Extranjera en mi propio país. No existe un estado político para ello, pero es definitivamente la forma en que me siento los días en que comparto con la familia Al Hamidi. Una extranjera, en todo caso, que con el tiempo cambió la visa de turista por una de residencia, ya que todo aquello que durante los primeros días me pareció llamativo, anecdótico y hasta caricaturesco (entendiéndose, por favor, en el sentido de la caricatura que en occidente tenemos respecto de la cultura árabe), hoy no es más que parte de una rutina acoplada a mi vida que se manifiesta como un espacio de medio oriente que estoy invitada a compartir todas las semanas.

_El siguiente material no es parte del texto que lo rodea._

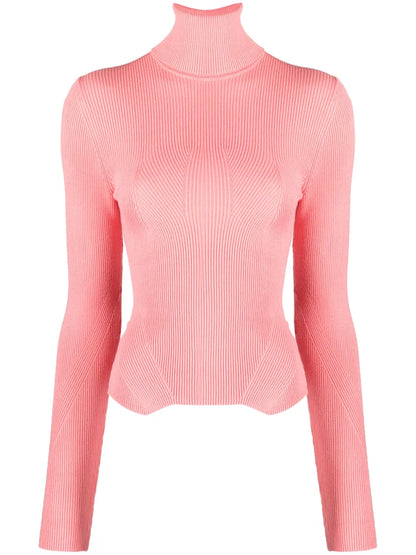 Roll-Neck Ribbed Jumper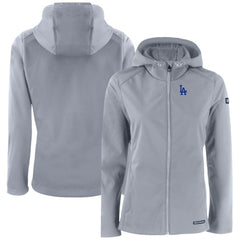 Los Angeles Dodgers Cutter & Buck Women's Evoke Eco Softshell Recycled Full-Zip Jacket Gray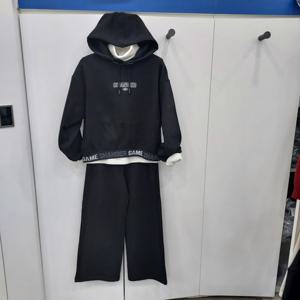 [에꼴리에]레터링 밴드 기모 후드티 와이드 바지 세트 23RT75556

El objetivo del programa, al menos formal, es claro y directo ‘acompañar y apoyar a los refugiados palestinos en su proceso de aprendizaje del español’. Ese mismo objetivo en una sala de clases, con más personas, con una pizarra y un horario determinado, en definitiva en un espacio neutro, podría transformar este mismo texto en ante todo el relato de una experiencia técnica de enseñanza, de observación de fortalezas y dificultades en el aprendizaje del idioma, en fin, en la descripción de un ‘trabajo’. Sin embargo, es en el quebrantamiento de esa neutralidad, en el entrar directamente a sus casas y a sus vidas, que esta experiencia de voluntariado se transforma, dejando de ser un ‘trabajo’ y pasando este texto a ser, por tanto, el relato de una relación.
De este modo, con la legítima excusa del apoyo en el aprendizaje del español, entro todas las semanas a esa casa a dar vida, como todos los voluntarios de la Vicaría, al lema que mueve el programa: Chile país de acogida. Así la tarde pasa entre la actualización de cómo estuvo la semana, la revisión de las tareas, la eventual lectura de un libro, y la siempre recurrente conversación –aún en un español rudimentario- sobre fe, religión, costumbres y visión de mundo, con una profundidad con la que en escasas ocasiones podemos tener incluso con nuestro grupo de amigos más cercano.
Extranjera soy yo entonces dentro de una casa ubicada en un país donde ellos son propiamente los extranjeros, y es así, en esa ajenidad que ambos reconocemos, que se produce el encuentro y que en este se abren las posibilidades de un diálogo infinito, que permite no sólo dar vida al lema del programa, sino –y principalmente- vivificar el mandato de Cristo ‘Fui forastero y ustedes me recibieron en su casa’ (Mt. 25, 35).